7. The intelligent learning path planning method based on reinforcement learning as described in claim 6, characterized in that, The method further includes a feedback calibration phase after executing the dynamic learning sequence, comprising: Record the user's actual knowledge test score and time consumption after completing the dynamic learning sequence; The actual knowledge test score is compared with the expected score range to generate a knowledge coverage error signal. Based on the deviation ratio between the time consumption data and the expected time consumption, a time allocation error signal is generated; The knowledge weight parameters in the state transition probability matrix are adjusted using the knowledge coverage error signal. The time allocation error signal is used to optimize the task duration allocation strategy in the dynamic learning sequence.

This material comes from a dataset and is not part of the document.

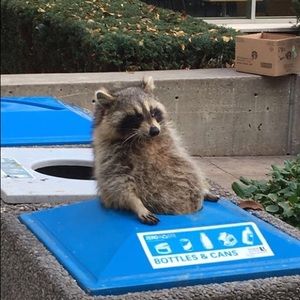 Meet your Posher, Richard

8. The intelligent learning path planning method based on reinforcement learning according to claim 7, characterized in that, The knowledge weight parameters in the adjusted state transition probability matrix include: Identify the systematic deviation components in the knowledge coverage error signal and calculate the knowledge weight compensation amount using the moving average method; The migration probability value of the corresponding knowledge unit in the state transition probability matrix is ​​scaled proportionally according to the compensation amount.

9. The intelligent learning path planning method based on reinforcement learning according to claim 8, characterized in that, The optimized task duration allocation strategy in the dynamic learning sequence includes: Extract the timeout task identifier from the time allocation error signal and trace its context node in the dynamic learning sequence; Shorten the standard time threshold of adjacent tasks in the context node that have a dependency on the timed-out task.

10. A reinforcement learning-based intelligent learning path planning system, comprising a memory and a processor, wherein the memory stores a computer program executable on the processor, characterized in that, When the processor executes the program, it implements the steps of the method according to any one of claims 1 to 9.